A practical guide to writing a website brief that protects both you and the studio — covering the seven elements every good brief needs before work can begin.

· Michael Nash


A good website brief includes seven elements: the project goal, the target audience, the tone and design direction, the list of pages, the content responsibilities, the deadline, and the budget. Cover all seven and a studio can scope, quote, and start work inside 24 hours. Leave any of them out and the project will stall somewhere between the first call and launch.

This is not bureaucracy for its own sake. A brief is the device that protects you from scope creep and protects the studio from building the wrong thing. It is the moment at which a vague idea becomes a specific project. Without it, both sides are building from assumptions rather than agreement — and assumptions are where timelines slip and budgets go.

What a Brief Is For

The purpose of a brief is not to tell us what to build. It is to create shared truth before work begins.

A good brief answers the question that sits behind every design decision: what is this site trying to do, for whom, and by when? When that question is answered in writing and agreed upon before the first design choice, every decision that follows has a reference point. When it is not, every decision becomes a negotiation.

Scope creep — the phenomenon where a project quietly expands beyond what was agreed — almost always traces back to a brief that was missing something. A client who expected five pages when the studio quoted for three is not being difficult. There was just no document that said "three pages". A studio that builds a contact form when the client expected a booking calendar with deposit handling has not made a mistake. It built what the brief described. The brief was wrong.

A brief does not remove all ambiguity — projects evolve, and good studios handle that gracefully. But it sets a baseline. Changes to that baseline are visible, priceable, and agreed upon — not discovered on launch day.

What You Need to Know Before Writing One

You cannot write a useful brief without first knowing a few things about your own project. These are not things the studio can discover for you. They require decisions on your side first.

Your domain. What is the website for? A consultancy, a shop, a booking platform, a portfolio, a product launch? Each of these is a fundamentally different type of site with different structural requirements. Knowing which one you are building — or being honest that you are still deciding — matters before the brief is written.

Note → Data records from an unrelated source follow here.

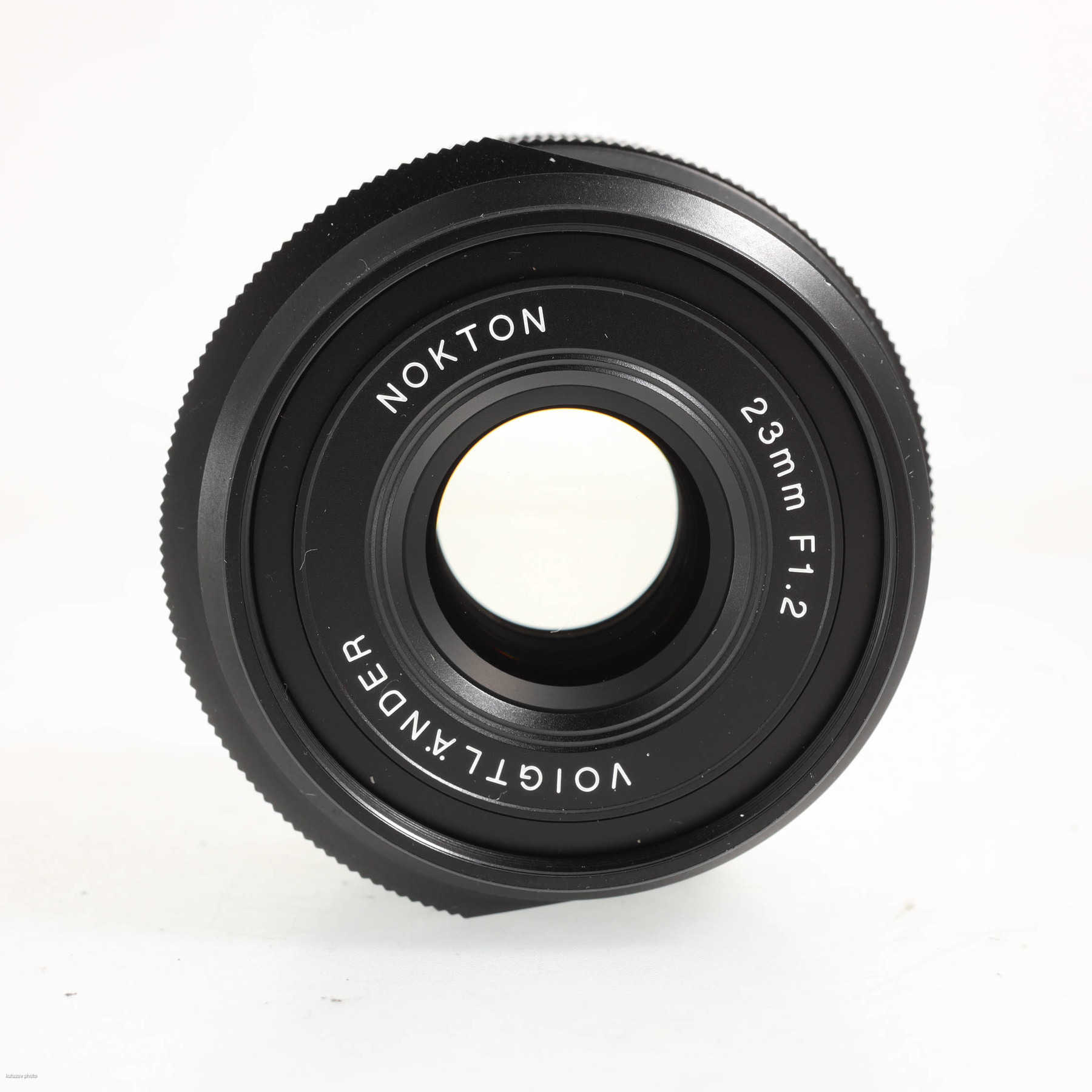 Voigtländer 23mm f/1.2 Nokton aspherical (Fujifilm X-mount) Voigtländer 23mm f/1.2 Nokton aspherical (Fujifilm X-mount)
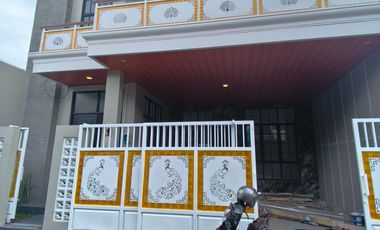 Perumahan Murah Jogja ; Rumah 2 Lantai Kaliurang Dekat UGM ; Carport 2 Mobil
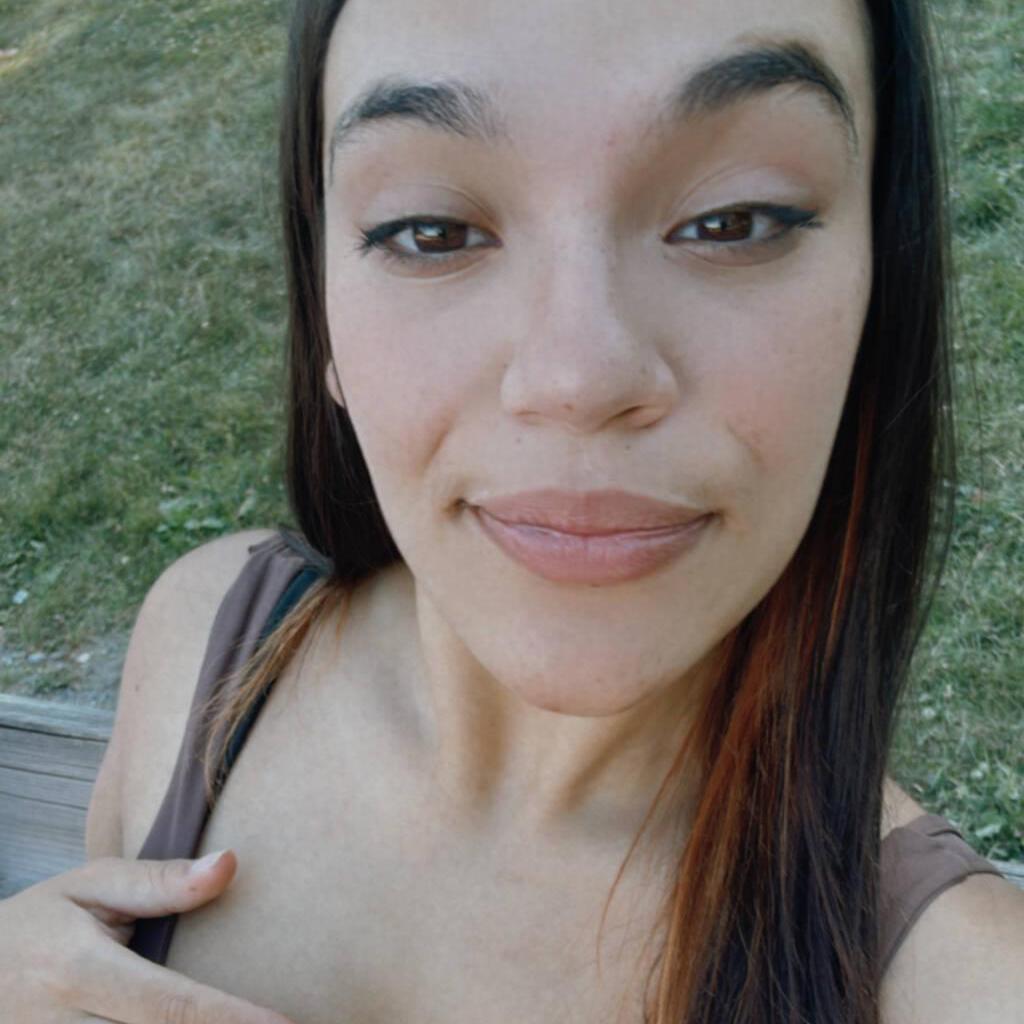 
                        Luna
                     is Female Escorts. | Kingston | Ontario | Canada | canadatopescorts.com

Your audience. Who is the site for? Not in a marketing abstract sense, but specifically. Are they returning customers who know your brand? New visitors who need to be convinced? Professionals assessing your credentials? Each of these audiences arrives at the site with different questions and needs different things from the design. A site for existing customers prioritises account management and trust. A site for cold visitors prioritises persuasion and clarity.

One primary goal. What is the single most important thing the site needs to do? Take an enquiry. Sell a product. Demonstrate expertise. Get a booking. Most sites have one primary job, even if they do several things. Naming it forces useful clarity and prevents the site from trying to do too many things at once.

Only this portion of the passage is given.